Sin Medias Tintas. Omar Alí López Herrera.
La Ciudad de México tiene una habilidad especial para contarse dos veces: una en los comunicados oficiales y otra en la calle. Y cuando se comparan la actuación gubernamental en la marcha del 2 de octubre y la movilización de la Generación Z, las diferencias no solo saltan; se enredan, se contradicen y, al final, exhiben más del propio gobierno que de quienes marchan.
El 2 de octubre fue, como siempre, un ejercicio de equilibrio histórico. El gobierno capitalino caminó de puntitas sobre una fecha que no admite improvisaciones. La orden fue clara: resistir, aguantar y sobrevivir sin mancharse.
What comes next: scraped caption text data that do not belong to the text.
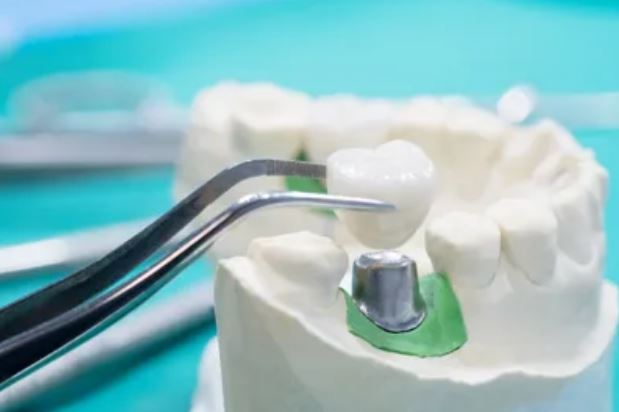 Bytes of Lennox Dental - Logo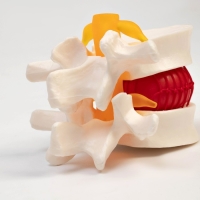 Макет "Межпозвонковый диск" 11*10*8см Макет "Межпозвонковый диск" 11*10*8см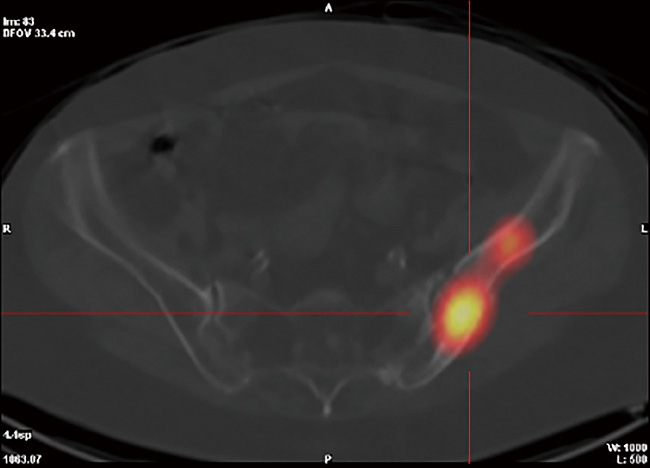 ⓔ図15-4-5　SPECT/CT画像 甲状腺濾胞癌の左腸骨転移による放射性ヨウ素の集積．
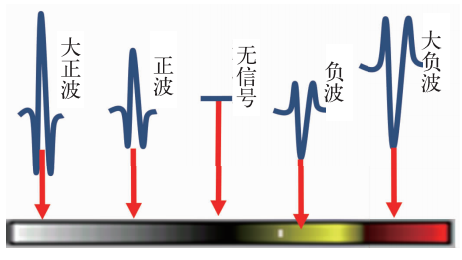 DS9500聲掃設(shè)備著色圖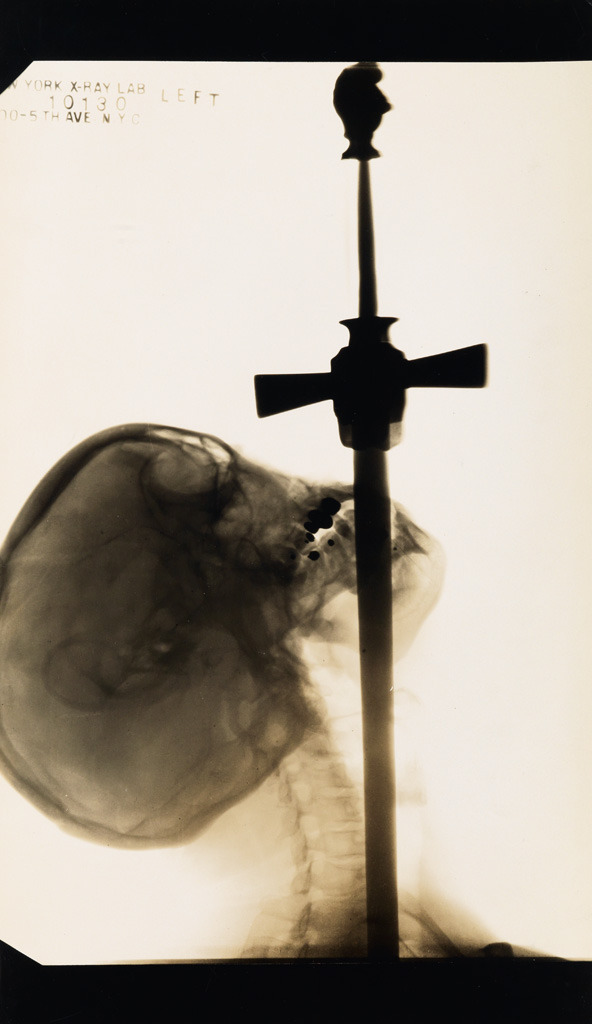 swanngalleries: EDWARD J KELTY X-ray of Ajax, the sword swallower. 1928 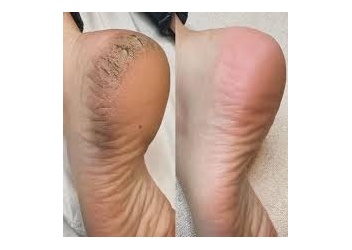 60MN CALLUS PEELING ( Spécial Callosités )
El relato oficial se inclinó hacia la épica del aguante —esa épica donde los policías son héroes de contención y los encapuchados son los villanos— mientras se insistía en que ningún exceso provino del Estado. Una narrativa casi ritual, construida para recordar que “este gobierno no reprime”, aunque la cantidad de lesionados dijera otra cosa y la inconformidad interna de los propios elementos, días después, terminara rompiendo el guion.
Ahí, el gobierno habló con solemnidad de memoria, de respeto y de un Estado que se sabe observado por la historia. No se permitió desviaciones retóricas. El 2 de octubre exige liturgia, no espontaneidad.
Pero muy distinto fue el tono ante la marcha de la Generación Z. El 15 de noviembre el gobierno abandonó el traje ceremonial y adoptó uno más nervioso, casi reactivo. Ya no se trataba de administrar la memoria, sino de enfrentar un presente que le resulta incómodo. En vez de los discursos templados sobre derechos y libertades, surgió la sospecha de bots, intereses ocultos, manipulación digital y complots dispersos. La narrativa del Estado pasó de la solemnidad al sobresalto, del mártir institucional al analista de redes sociales que intenta explicar por qué miles de jóvenes le gritan a un gobierno que dice gobernar para ellos.
Y frente a los heridos —civiles, policías, reporteros— la respuesta fue menos ceremoniosa y más burocrática con investigaciones, suspensiones, aclaraciones técnicas, todo envuelto en un lenguaje de control administrativo que contrastó con la mística casi heroica del 2 de octubre. De pronto la autoridad dejó de hablar como garante de libertades y comenzó a hablar como oficina de crisis.
El contraste fue evidente, porque cuando la protesta pertenece a la memoria colectiva, el gobierno se vuelve cuidadoso, casi reverencial; pero cuando la protesta pertenece al presente —que cuestiona su credibilidad— el gobierno se vuelve defensivo, incluso irritado. Al 2 de octubre se le administra… y a la Generación Z se le contiene.
Pero hay algo que sí se mantuvo intacto en ambas narrativas: la eterna búsqueda del culpable externo. En octubre fueron los encapuchados, y en la protesta juvenil fueron los bots y los actores infiltrados. El guion no cambia. Este gobierno siempre es víctima de una circunstancia que jamás parece provocada por sus propias omisiones.
Al final, el Estado terminó enfrentándose a dos espejos distintos: en uno vio a su pasado, y decidió maquillarse con prudencia. En el otro vio a su presente, y optó por parpadear rápido para no reconocerse.
Dos marchas, dos tonos, un mismo gobierno intentando sobrevivir al juicio de la memoria y al juicio, más severo aún, de cierta juventud que ya no compra discursos en oferta.